Every EMLX NIF call (including those made from inside EMLX.Backend callbacks) inherits the bound queue automatically through EMLX.resolve_worker/1. This means that if your code calls a standard Nx operation inside a with_queue/2 block — even indirectly via a library that uses EMLX.Backend — the work routes through the bound queue. This is almost always the desired behaviour (e.g. all ops in a Bumblebee forward pass go to the same Metal command queue).

There is deliberately no opt-out mechanism: if you need work to run on a different queue, open a nested with_queue/2 for the inner scope. The inner binding shadows the outer one for its duration and is restored on exit.

Cross-device promotion

When a tensor's device does not match the bound queue's device, the behaviour is controlled by application config:

config :emlx,
  cross_device_promotion: false,  # default: fall back to device-default worker
  warn_cross_device: false        # default: no Logger.warning on mismatch

See EMLX.resolve_worker/1 for the promotion logic.

Summary

Functions

Allocates a new CommandQueue for device.

Like new/1 but raises EMLX.NIFError on failure instead of returning {:error, reason}.

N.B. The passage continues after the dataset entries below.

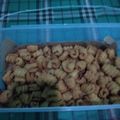 Cooksnap dari ulil fauziah untuk resep Kue garpu manis dan renyah
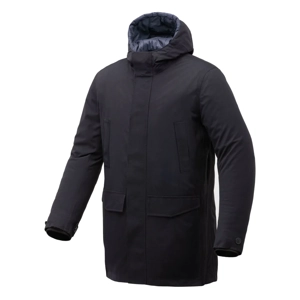 Parka MONTE HYDROSCUD® DARK BLUE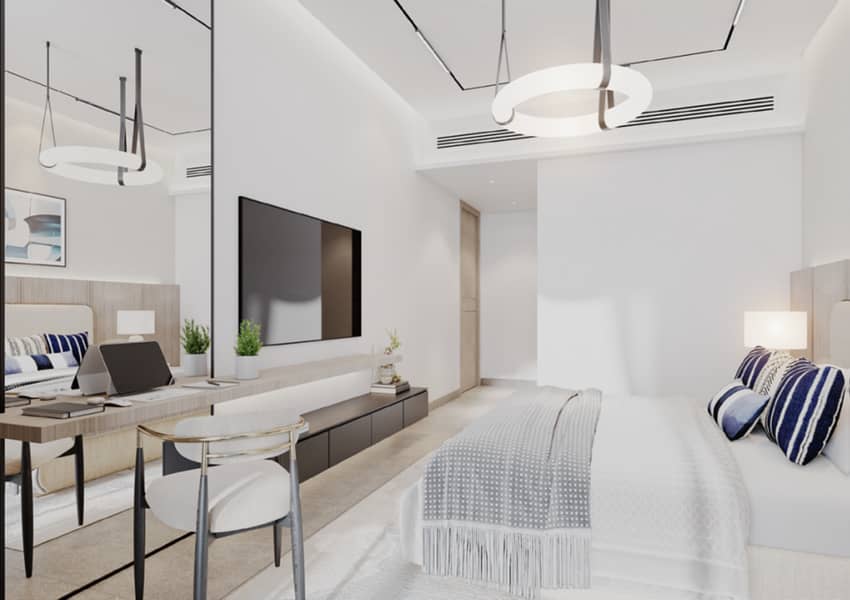 Open View | Large Unit | Handover in 2026 - Image 5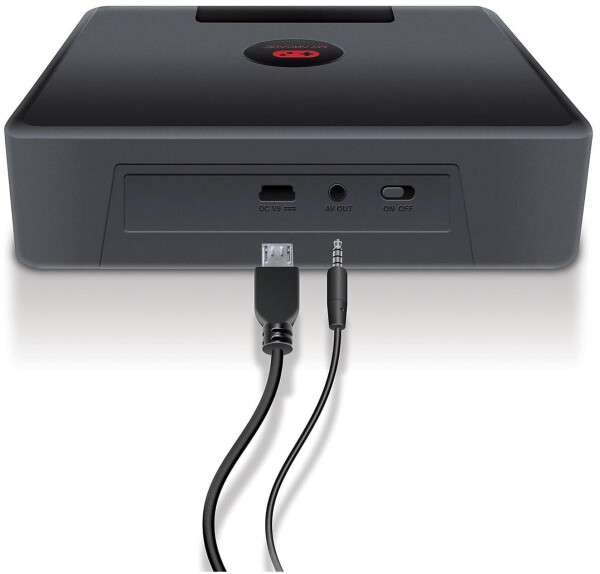 My Arcade Gamestation Wireless HD Data East + Jaleco, Bild 8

Blocks the calling process until all previously enqueued jobs on queue have finished and MLX has flushed its GPU command buffer.

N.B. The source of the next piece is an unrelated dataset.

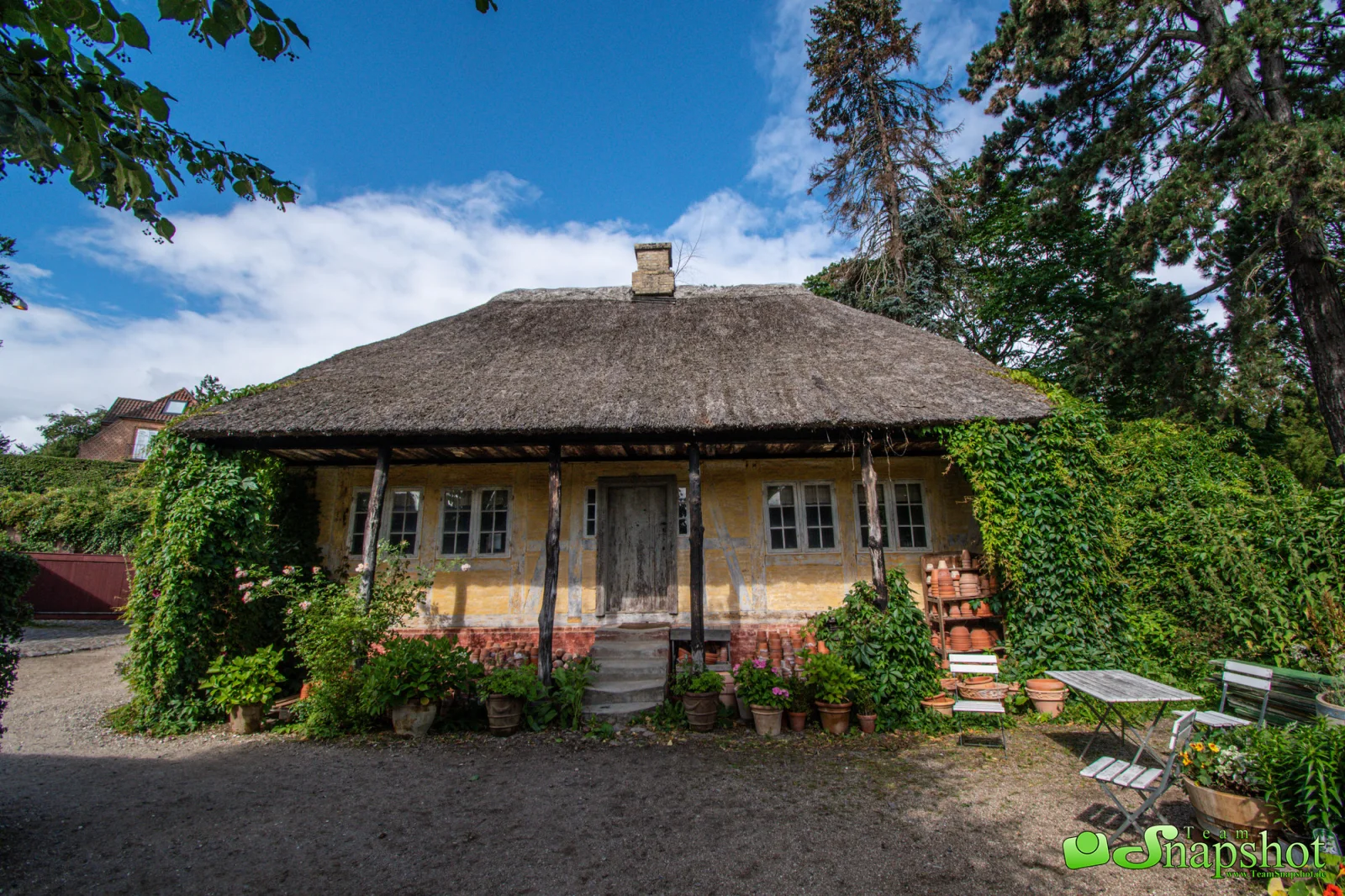 Dänemark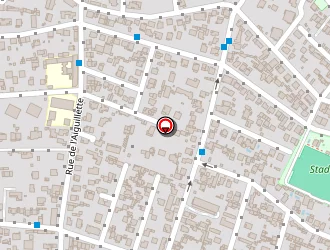 Carte de Chauliac Consult à Marseille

Runs fun with queue bound to the calling process for the duration.

Types

t()

@type t() :: %EMLX.CommandQueue{device: :cpu | :gpu, ref: reference()}

Functions

new(device)

@spec new(:cpu | :gpu) :: {:ok, t()} | {:error, list()}

Allocates a new CommandQueue for device.

Spawns a dedicated OS thread and a new mlx::core::Stream on it. Returns {:error, reason} if the NIF cannot allocate the stream (e.g. :gpu on a system without Metal).

new!(device)

@spec new!(:cpu | :gpu) :: t()

Like new/1 but raises EMLX.NIFError on failure instead of returning {:error, reason}.

Useful in one-liner contexts (e.g. __partitions_options__/1) where the caller has no reasonable recovery path if the device is unavailable.

synchronize(command_queue)

@spec synchronize(t()) :: :ok

Blocks the calling process until all previously enqueued jobs on queue have finished and MLX has flushed its GPU command buffer.

Internally posts a barrier job that calls mlx::core::synchronize(stream) on the worker thread, then blocks in receive until the reply arrives.

with_queue(command_queue, fun)

@spec with_queue(t(), (-> result)) :: result when result: term()

Runs fun with queue bound to the calling process for the duration.

Stores {ref, device} under :emlx_command_queue in the process dictionary, then restores the previous value (or deletes the key) in an after block. Nested calls are safe — each level saves and restores independently.